N. has long loved books, but recently he has been particularly interested in oral story-telling. He wants to hear funny stories about our childhoods. He tells Tim meandering, plotless stories, often about trains, on the long walks (3 miles sometimes!) they take every day. He asks Tim to tell him stories called “The Princess and the Restaurant” or “The Princess and the Other Castle,” or “The Princess and the Five Sons.” A recurring character in these stories is someone called Princess Huka-buka.
I find making up stories on the spot incredibly difficult; I am not particularly creative in that way (that’s why I am a literary critic, not a novelist, much as I would love to write a novel!). I am self-conscious and can’t really let go of my judgmental tendency and just tell whatever occurs to me. I’m going to work on this as the summer progresses, because I’d like to get into story-telling more. After all, oral story-telling is the oldest narrative art and thus seems to offer a connection to an ancient way of being human. Tim seems to enjoy the challenge of story-telling, and also to understand better than I do that a child’s idea of what makes a good story is probably not as limited as an adult’s, so anything goes. Indeed, the sillier the better.
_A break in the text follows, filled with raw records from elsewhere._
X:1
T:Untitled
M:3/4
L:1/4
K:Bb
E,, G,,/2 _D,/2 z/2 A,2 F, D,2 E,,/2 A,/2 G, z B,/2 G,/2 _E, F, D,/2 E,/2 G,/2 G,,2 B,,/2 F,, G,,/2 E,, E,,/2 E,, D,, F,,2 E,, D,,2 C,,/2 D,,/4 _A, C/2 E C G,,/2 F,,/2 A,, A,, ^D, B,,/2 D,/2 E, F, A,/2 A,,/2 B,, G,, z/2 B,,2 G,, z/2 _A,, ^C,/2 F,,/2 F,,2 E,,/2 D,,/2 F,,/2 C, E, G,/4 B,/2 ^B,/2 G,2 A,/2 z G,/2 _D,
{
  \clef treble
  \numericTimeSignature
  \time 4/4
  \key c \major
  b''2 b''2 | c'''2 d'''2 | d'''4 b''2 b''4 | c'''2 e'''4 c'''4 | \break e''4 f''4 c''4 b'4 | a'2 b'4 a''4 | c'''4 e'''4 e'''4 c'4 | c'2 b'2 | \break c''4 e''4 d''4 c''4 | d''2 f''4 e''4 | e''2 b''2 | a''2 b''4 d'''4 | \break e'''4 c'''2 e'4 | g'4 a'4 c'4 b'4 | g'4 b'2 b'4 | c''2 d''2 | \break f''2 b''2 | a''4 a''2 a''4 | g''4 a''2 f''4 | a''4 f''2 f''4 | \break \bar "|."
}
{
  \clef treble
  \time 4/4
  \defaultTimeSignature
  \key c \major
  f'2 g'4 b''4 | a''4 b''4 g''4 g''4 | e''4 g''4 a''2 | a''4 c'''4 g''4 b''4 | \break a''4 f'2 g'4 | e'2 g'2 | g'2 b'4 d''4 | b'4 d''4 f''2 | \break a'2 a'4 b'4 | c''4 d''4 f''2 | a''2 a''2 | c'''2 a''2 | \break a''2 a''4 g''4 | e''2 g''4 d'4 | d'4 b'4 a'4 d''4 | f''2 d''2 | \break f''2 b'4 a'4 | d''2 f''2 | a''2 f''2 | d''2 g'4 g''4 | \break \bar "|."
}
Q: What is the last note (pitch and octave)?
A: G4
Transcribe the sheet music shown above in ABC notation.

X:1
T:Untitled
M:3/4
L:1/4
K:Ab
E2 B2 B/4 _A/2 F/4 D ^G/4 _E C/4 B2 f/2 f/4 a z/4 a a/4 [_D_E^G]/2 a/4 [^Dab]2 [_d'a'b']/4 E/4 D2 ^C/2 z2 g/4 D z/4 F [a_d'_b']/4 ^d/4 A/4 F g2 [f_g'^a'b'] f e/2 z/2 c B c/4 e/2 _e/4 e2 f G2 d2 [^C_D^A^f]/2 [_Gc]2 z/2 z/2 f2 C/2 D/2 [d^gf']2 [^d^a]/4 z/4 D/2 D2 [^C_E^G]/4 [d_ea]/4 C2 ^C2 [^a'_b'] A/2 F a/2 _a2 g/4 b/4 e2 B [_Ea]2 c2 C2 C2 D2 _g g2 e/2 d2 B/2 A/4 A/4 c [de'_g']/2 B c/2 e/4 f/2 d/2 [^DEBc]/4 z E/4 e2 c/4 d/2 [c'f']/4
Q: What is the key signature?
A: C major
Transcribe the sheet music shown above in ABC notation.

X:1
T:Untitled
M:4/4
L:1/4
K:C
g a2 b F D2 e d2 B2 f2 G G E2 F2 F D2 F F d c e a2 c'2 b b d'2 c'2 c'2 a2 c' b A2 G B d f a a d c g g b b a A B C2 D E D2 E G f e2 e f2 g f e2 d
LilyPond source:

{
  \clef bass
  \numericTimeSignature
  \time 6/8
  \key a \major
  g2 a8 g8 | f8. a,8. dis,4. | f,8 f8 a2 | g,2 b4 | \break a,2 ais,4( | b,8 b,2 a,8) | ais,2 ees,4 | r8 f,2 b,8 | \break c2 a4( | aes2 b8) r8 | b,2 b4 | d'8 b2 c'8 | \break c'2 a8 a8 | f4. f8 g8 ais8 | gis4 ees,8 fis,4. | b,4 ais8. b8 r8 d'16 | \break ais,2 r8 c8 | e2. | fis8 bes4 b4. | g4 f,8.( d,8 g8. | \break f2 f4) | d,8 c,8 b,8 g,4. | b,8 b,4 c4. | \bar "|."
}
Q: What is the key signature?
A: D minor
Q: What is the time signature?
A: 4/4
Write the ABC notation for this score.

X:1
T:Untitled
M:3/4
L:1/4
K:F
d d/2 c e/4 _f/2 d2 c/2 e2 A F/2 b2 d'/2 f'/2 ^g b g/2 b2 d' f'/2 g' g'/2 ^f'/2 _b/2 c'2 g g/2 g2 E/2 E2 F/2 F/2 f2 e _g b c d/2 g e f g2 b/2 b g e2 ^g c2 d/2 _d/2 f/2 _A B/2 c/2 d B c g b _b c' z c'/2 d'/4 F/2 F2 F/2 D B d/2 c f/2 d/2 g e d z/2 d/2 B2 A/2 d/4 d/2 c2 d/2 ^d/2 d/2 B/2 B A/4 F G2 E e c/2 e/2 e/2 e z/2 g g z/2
Tim has been reading N. a lot of Grimm’s tales recently, in a hard-core authentic translation, of course (the bizarreness and violence of which occasionally shocks my prim ears), so I guess that is in part where this princess theme comes from. Also, his best friends, who are sisters just a bit younger than him, like to dress up as princesses a lot.
“I like Princess Stories,” N. said last week, “but I don’t really know what a Princess is."